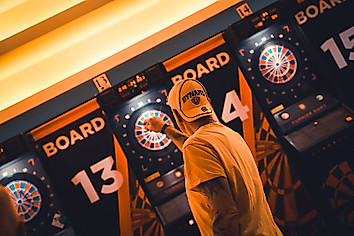 Ein Dynamo-Fan wirft einen Pfeil auf eine Dartscheibe.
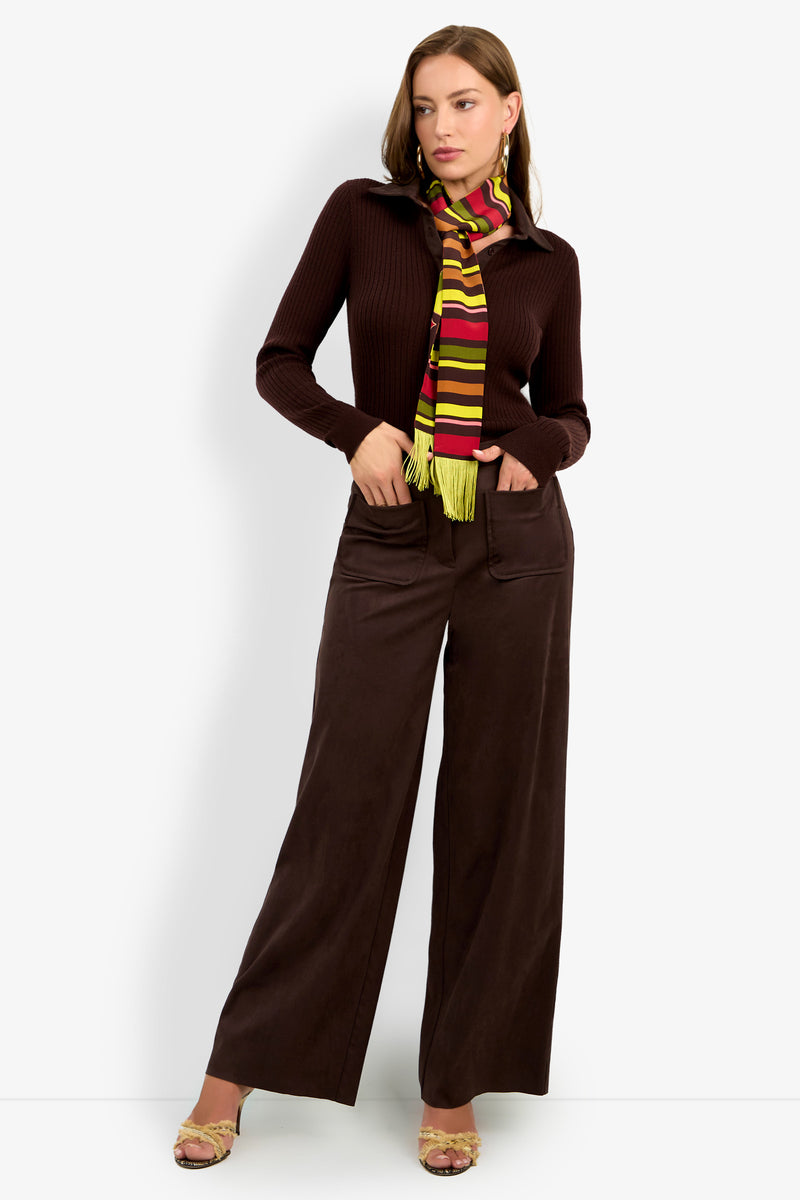 A woman stands against a white background wearing the dark brown ZINN PANT with a matching long-sleeve top and a colorful striped scarf with fringe. She has one hand in her pocket and is wearing open-toe heels.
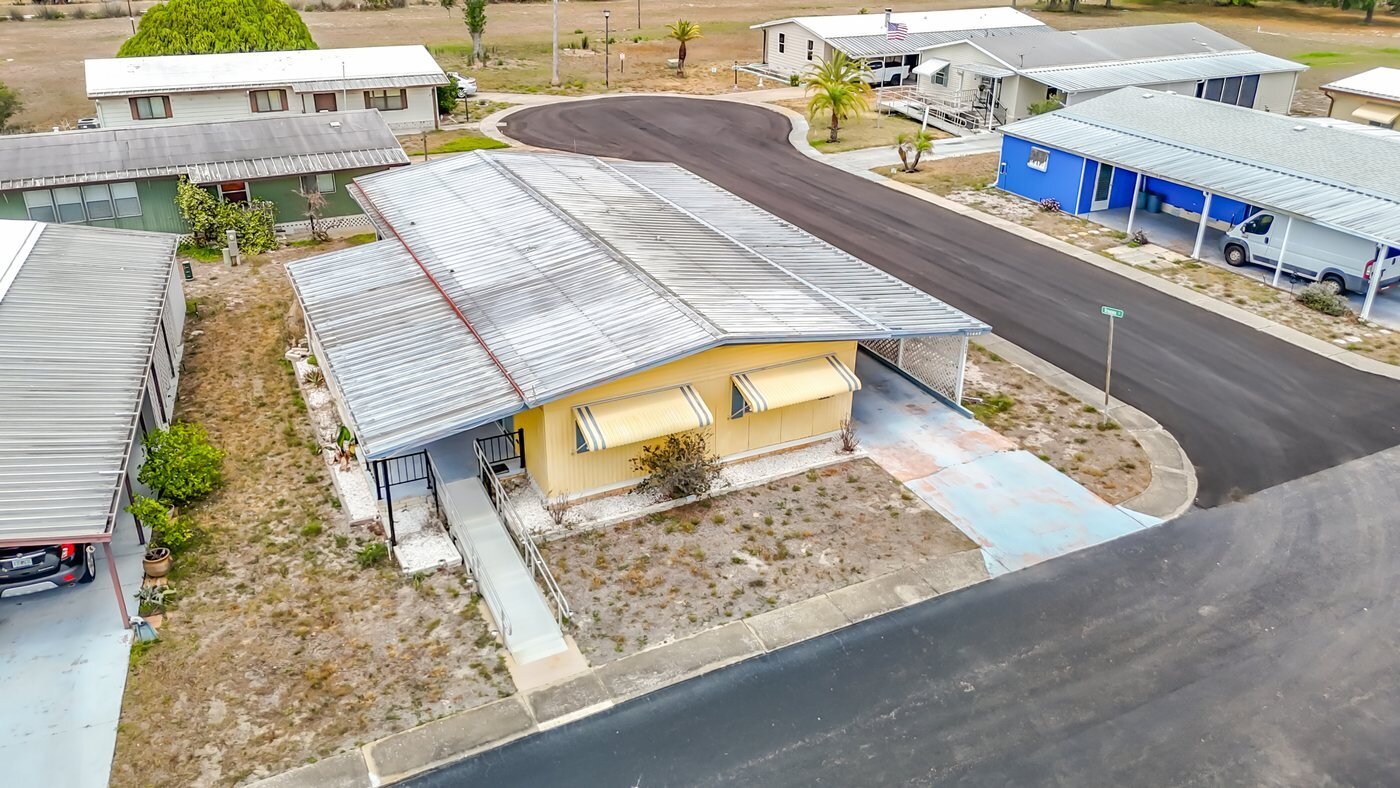 Aerial view of a mobile home community in New Port Richey, Florida, with paved streets and carports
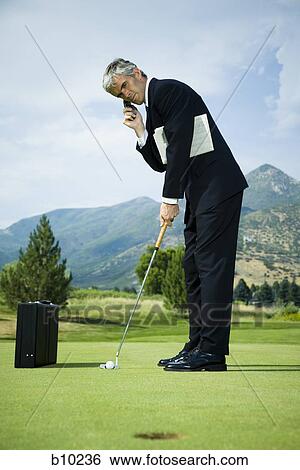 Profile of a businessman playing golf and talking on a mobile phone View Large Photo Image Stock Photograph - Profile of a businessman playing golf and talking on a mobile phone. Fotosearch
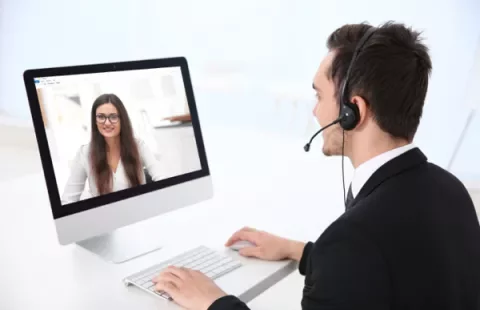 Homem com fone de ouvido em videoconferência com mulher em computador.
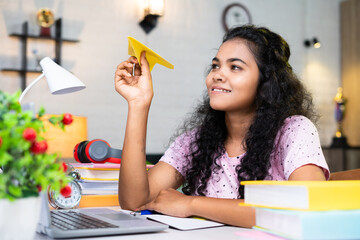 girl holding paper plane dreaming about foreign or abroad study while reading or preparing for examination - concept of future career, imagination and education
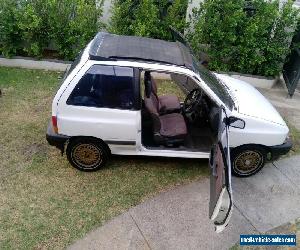 MAZDA 121 FUNTOP 1989 WITH ELECTRIC SUNROOF (VERY RARE)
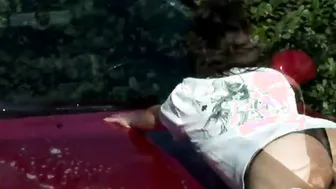 Cute rain gets wet washing car with lesbo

What is expected
Only exact repeats of the lines from the one containing "MAZDA 121 FUNTOP" through the end of the listing above are wanted here; pictures are not.

Solution for this exercise
 MAZDA 121 FUNTOP 1989 WITH ELECTRIC SUNROOF (VERY RARE)
 Cute rain gets wet washing car with lesbo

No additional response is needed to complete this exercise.